В тот день Бретоны не покидали лодку, оставались рядом – чинили ловушки, плели сети, выстругивали колышки и другие полезные мелочи. Гастон ходил подавленный. Никто не обмолвился, какое наказание определили ему за нарушение своих обязанностей, но прошедшей ночью старшие уводили его на берег, и теперь он двигался с некоторым напряжением, а, садясь, опирался на спинку стула с величайшей осторожностью.
Доктор снова явился в сумерках, суетясь еще больше, чем прежде. Он взял на себя смелость, заявил он, сообщить губернатору и его супруге о местонахождении мсье Лемонье и получил особое распоряжение употребить все свое искусство, чтобы поставить его на ноги.

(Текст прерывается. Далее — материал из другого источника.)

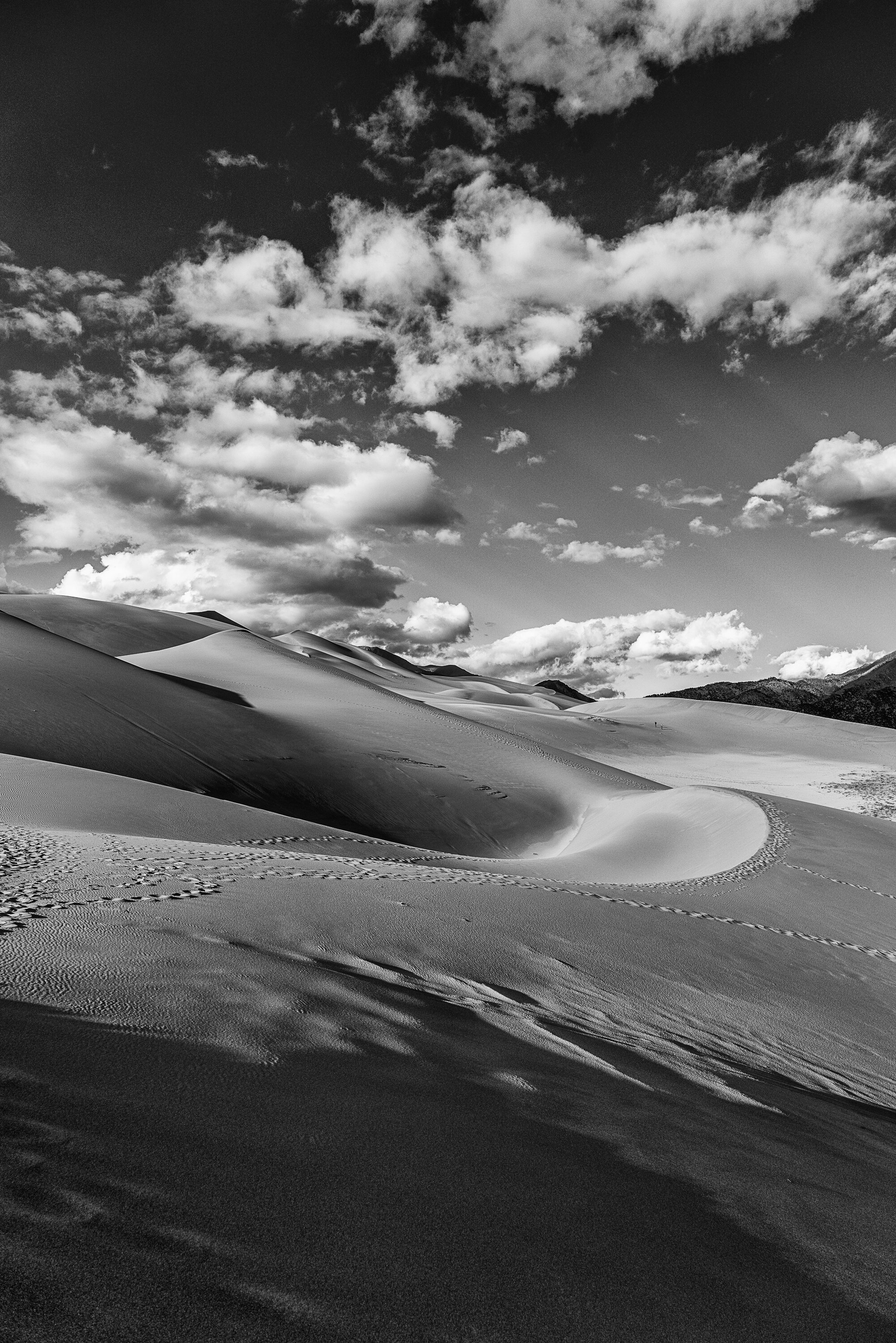 Great Sand Dunes National Park 2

– Я уверена, вы и так собирались это сделать, – сказала Сирен, стоя над ним, когда он сел и начал доставать из своего саквояжа скальпель и чашку для сбора крови.
– Ну да, разумеется. Мне хотелось бы оправдать ожидания губернатора.
– А как насчет месье Лемонье?
– Простите?
– Ваша неловкость опечалила бы его не меньше.
– Да, да. Теперь будьте так добры отойти.
– Почему?
Она не могла оставить Лемонье на милость доктора. Взглянув на лезвие скальпеля с ржавыми пятнами, она ощутила непонятную дрожь, как будто нож должен был вонзиться в ее тело.
– Вы побледнели, мадемуазель. Вид крови многим противопоказан, и мне не хотелось бы приводить вас в чувство.
– Это не от крови, а от вашего скальпеля, – отозвалась она. – Вы уверены, что еще одно кровопускание необходимо? Он и так уже потерял много крови.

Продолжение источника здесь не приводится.